Withering look accompanies the answer: ‘No, silly. He wears them to keep his nuts jungle-fresh.'

‘Felix!' Of course Granny was listening, and manages a scandalised expression which no one pays any attention to, as we are all giggling stupidly.

‘I like nuts,' coos The Beauty.

Pick up the printed-out email from David as it flurries across the grass towards my newly weeded rose bed. He has drawn a cartoon of Tarzan flitting from tree to tree in his plastic pants with an arrow pointing to the trapezes.

I make these
, he has written.
I will send you one. Gertie will love to swing on it with you
.

Scrumple the paper up and hurl it on to the breakfast table where it rolls into the butter dish. Has David stopped to think how I will hang his stupid trapeze vine? Or is he secretly mailing a Tarzan, complete with rubber knickers, to do it for me? Doubt somehow that he has thought that far ahead, and comfort myself with the near-certain knowledge that he will never get round to it.

The hens approach the table, groaning thoughtfully, and fix us with the unwavering gaze of the gormless. Wonder what gormful would look like as I retreat into the cool of the house and await the post. This promises to be most satisfying, as am expecting some new ribbon samples.

June 27th

Ribbon, ordered by old-fashioned telephone method, arrives three days late and is all wrong. Am despairing of ever getting my new career off the ground, and have nothing at all left to wear, as all my clothes have been trimmed and sold. Enjoy futuristic fantasy of self aged eighty with gnarled fingers trying to stitch a
toothpaste trim on to a neoprene cardigan. Am about to give up on work for the day to follow my instincts into the garden for carrot and radish work and a little rose-tying, when toothpaste notion grabs me again. It could be great. So could neoprene. Especially for surfers. Draw some hopeless pictures, look at them. Realise they are hopeless and so go and get out The Beauty's Fashion Fuzzy Felts.

In no time, have created beautiful sample of cardigan and Copydexed it to a piece of white card to be sent to Rose. Post it on the way to nursery to collect The Beauty and experience utterly fulfilling moment of having cake and eating it. I am a working mother, and today it's going according to plan. Hooray.
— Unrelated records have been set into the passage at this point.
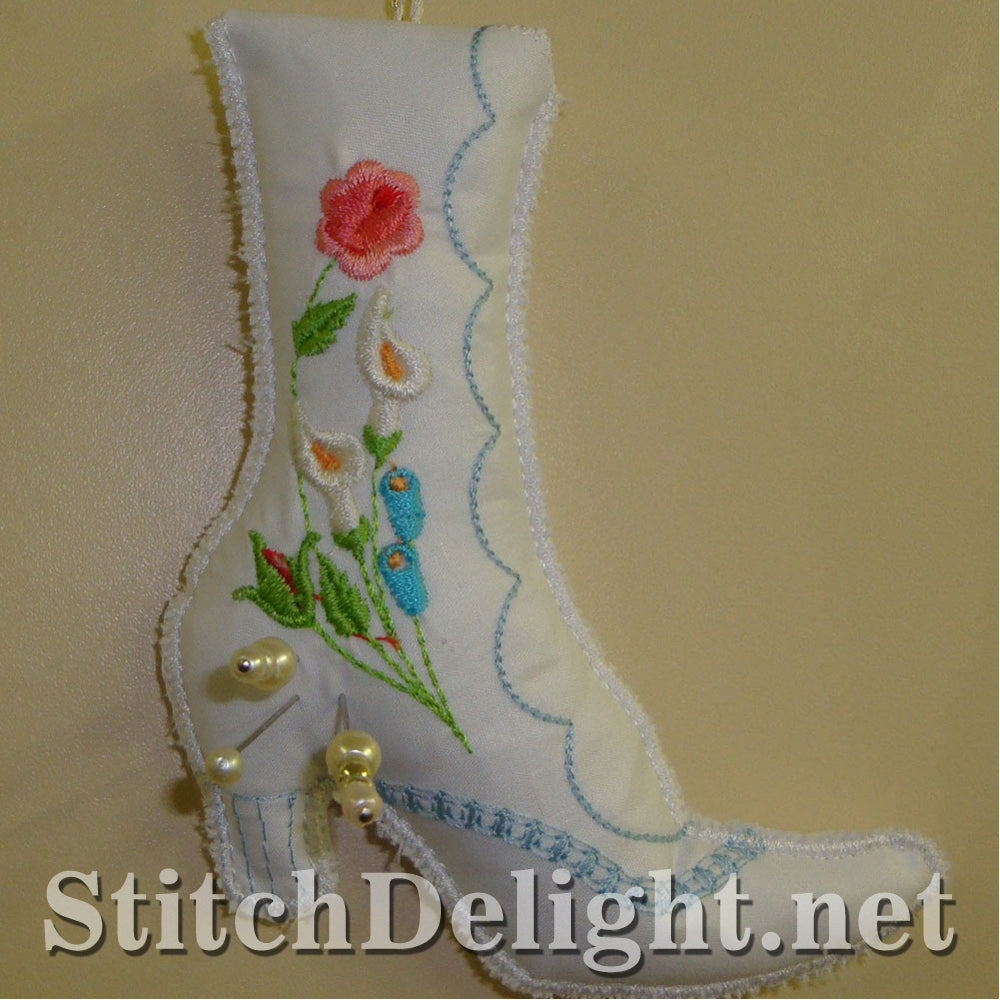 <transcy>SD0873 Coussin à épingles à chaussures victoriennes</transcy>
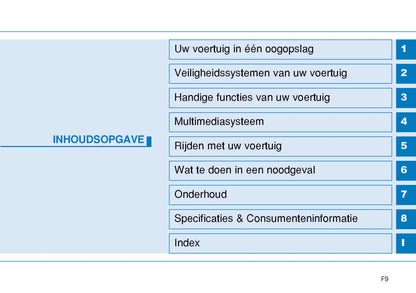 2015-2016 Hyundai H350 Owner's Manual | Dutch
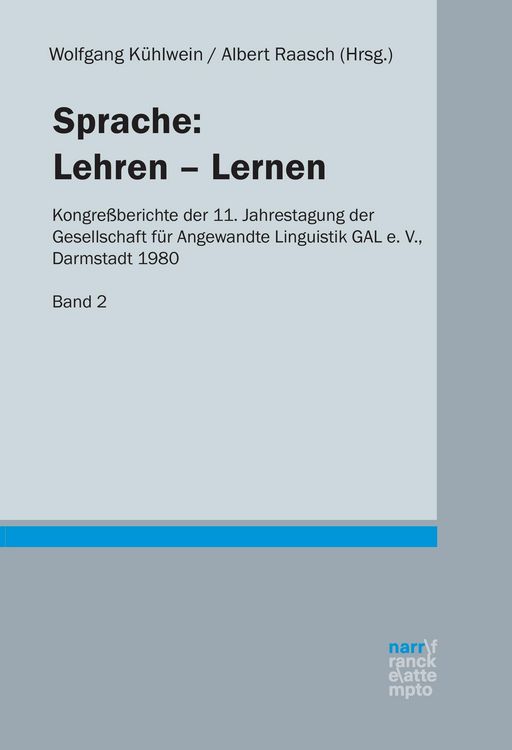 Produktbild: Sprache: Lehren-Lernen, Band 2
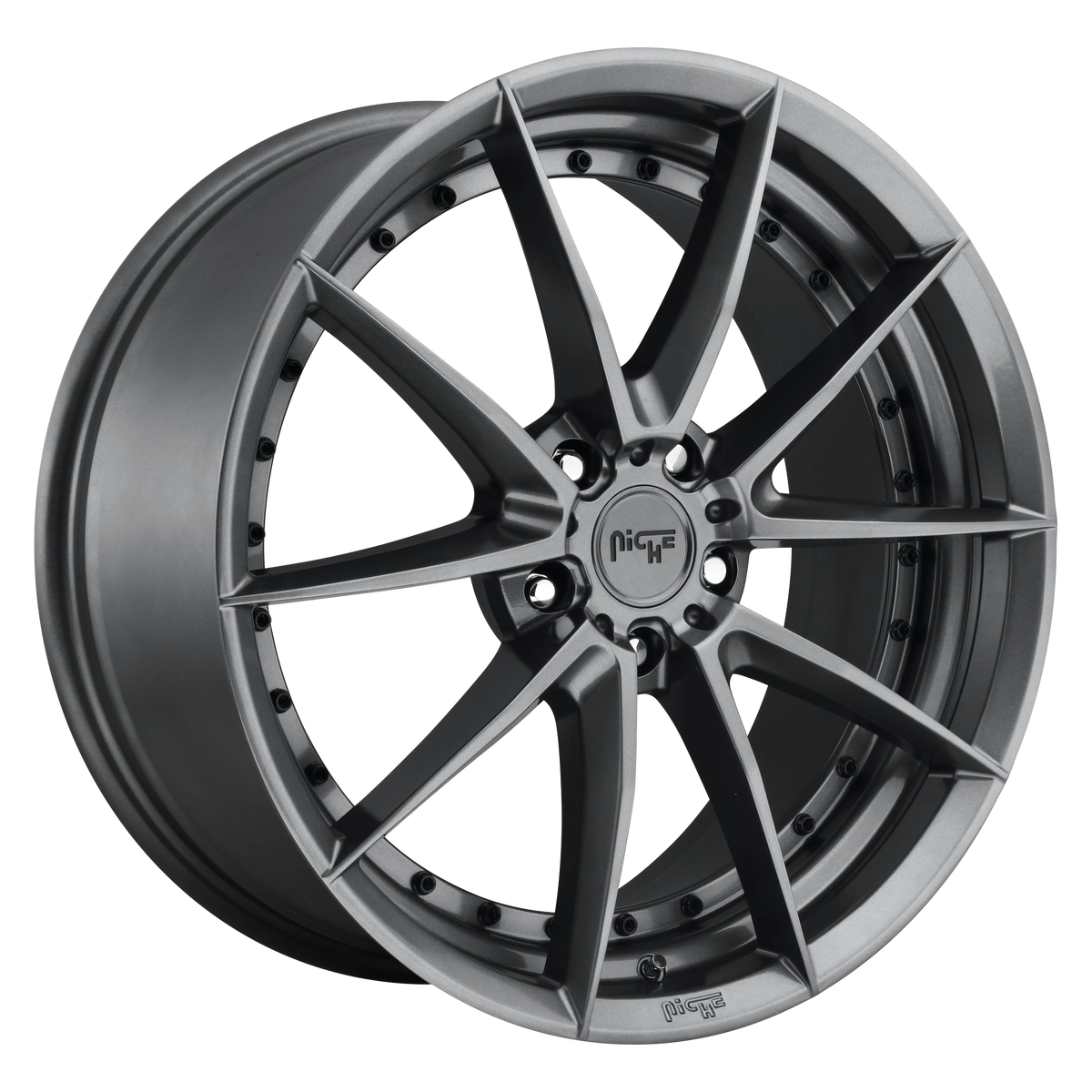 Niche 1PC M197 SECTOR – 19X8.5 – 5X114.3 – 35 mm – GLOSS ANTHRACITE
Float into the nursery school on a cloud of conceit, scarcely stopping to glance at the lesser mortals around me. Cloud evaporates, though, when The Beauty shows me her morning's work, and she appears to have made a very similar garment to the one I have just posted, only hers has pink appliqué flowers on it. I shall capitalise on this undermining of my talents as a designer and call my company Child's Play. Am rather pleased with this notion and try it out on Hedley when I see him driving past, as The Beauty and I are footling about near the road on our way back from the nursery. I wave and he stops and reverses back to me and The Beauty, who has climbed on to
the garden wall for a better view. With her bunches and dungarees, she looks exactly like one of the Waltons.

‘Hello man,' she greets Hedley.

‘Hello child,' he replies with a very real attempt at a winning smile. He points at The Beauty's jacket picture which I still have in my hand, and taking off his glasses, leaving a red mark on either side of his nose, he attempts neighbourly pleasantries.